What Do You Get When Big Data Meets AI? Big, Real Profits
In movies and novels, overnight success stories are frequent. Real life doesn’t work that way. It takes years of hard work, vision and at least one gigantic bet-the-farm moment.
This week, Nvidia Corp. (NVDA) released a $3,000 video card. But its big price tag isn’t the story.
The Titan V is a graphics powerhouse. Yet, is not meant for graphics. Its purpose is to extend Nvidia’s GPU computing platform to the next generation of workstations.
Investors should take note of this kind of forward thinking. This is what great companies do.
Jen-Hsun Huang, Nvidia’s CEO and co-founder, is comfortable with uncommon choices. Leather-jacketed and tattooed, his company cut its teeth two decades ago making high-end graphics cards for PCs.
But it’s come a long way since then. Its clientele, mostly gamers, demanded photorealistic imagery. So, Huang pushed the company to invest heavily in developing better software modeling.
And then … it clicked. Nvidia was sitting on a completely new method of computing.
It used artificial intelligence to combine traditional instruction processing from CPUs, with data processing from graphic processing units.
This result did not come cheap. The New York Times reports that Nvidia has spent $10 billion developing its GPU computing platform.
Given the initial size of the company, that was a huge bet. One that continues to pay off, as the shares are up more than 5,000% since the 1999 IPO.
Today, GPUs are standard fare in the field of artificial intelligence. From university researchers to bitcoin miners, smart coders are using the platform to push the limits of learning. In the process, Nvidia has broken free of the cyclical nature of the chip business.
The company put itself in the business of solving big problems, using AI.
Fortune magazine just called Huang Businessperson of the Year. That’s cool … but a decade late.

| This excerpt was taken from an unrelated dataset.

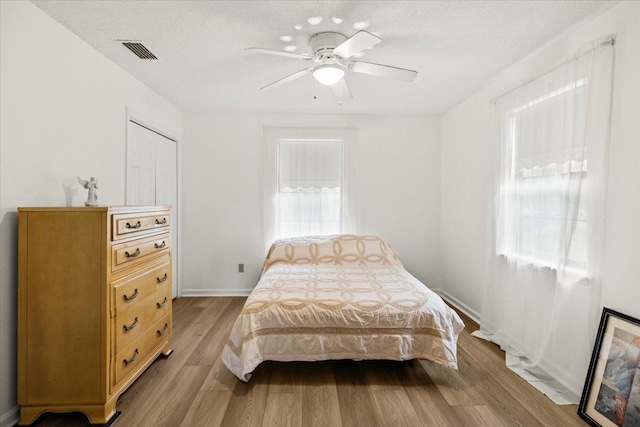 bedroom with a textured ceiling, light hardwood / wood-style flooring, and ceiling fan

Gartner, the global IT consulting firm, predicts migration to the cloud is a $1 trillion opportunity by 2020. Public cloud companies Amazon Web Services, Microsoft Azure and Google Cloud are all investing heavily in AI.
They see it as a value-added service — a way to entice corporate customers. And they want to make sure they are covering all bases. So in addition to their own CPU-based frameworks, each enthusiastically supports Nvidia’s GPU.
Consequently, Nvidia’s data center business is booming. In the second quarter, business surged 250% to $416 million.
And then there are self-driving cars. The popular perception is that fully autonomous cars are decades away. However, Teslas equipped with the current-generation GPU gear can navigate most road conditions autonomously right now.
The industry has noticed. Nvidia’s Drive PX platform is in use at 225 car, truck and HD map makers. And Audi, Toyota and Volvo announced high-profile partnerships in 2017 as they try to keep pace with Tesla.
Given the size of these markets, the move to workstations might seem trivial. It’s not.
Titan V brings the same components found in Nvidia’s $10,000 data center compute cards, to the desktop. This means 5,120 compute cores, 640 machine-learning cores, 21 billion transistors, and the Volta GPU architecture.
All of this adds up to a monumental performance leap over everything in the marketplace.
It will allow researchers and developers to build AI software models right at their desk. More important, it extends GPUs into more applications.
And that will help Nvidia sell more hardware.
I pointed my members to Nvidia long ago. The attraction was not AI then. Rather, it was smart management. And sure enough, the company leveraged its graphics expertise into an entirely new way to solve complex problems. When the advantage was apparent, it bet big.
This is the attribute investors should seek. Great companies are focused. They leverage talents. When it’s clear they have a competitive advantage, they strike … and chew up the competition.
Nvidia shares have climbed steadily with verve, +1,432% in the last five years. Sales have increased by $2.7 billion, to $6.91 billion during that time. And all signs point to more upside ahead, as I believe the company will continue to find new applications for AI using GPUs.
The goal is not to find the next Nvidia. The current one still has plenty of runway left. But we do know that more Nvidias will emerge, and we’ll use our proven methods to find them … and invest in them for the long haul.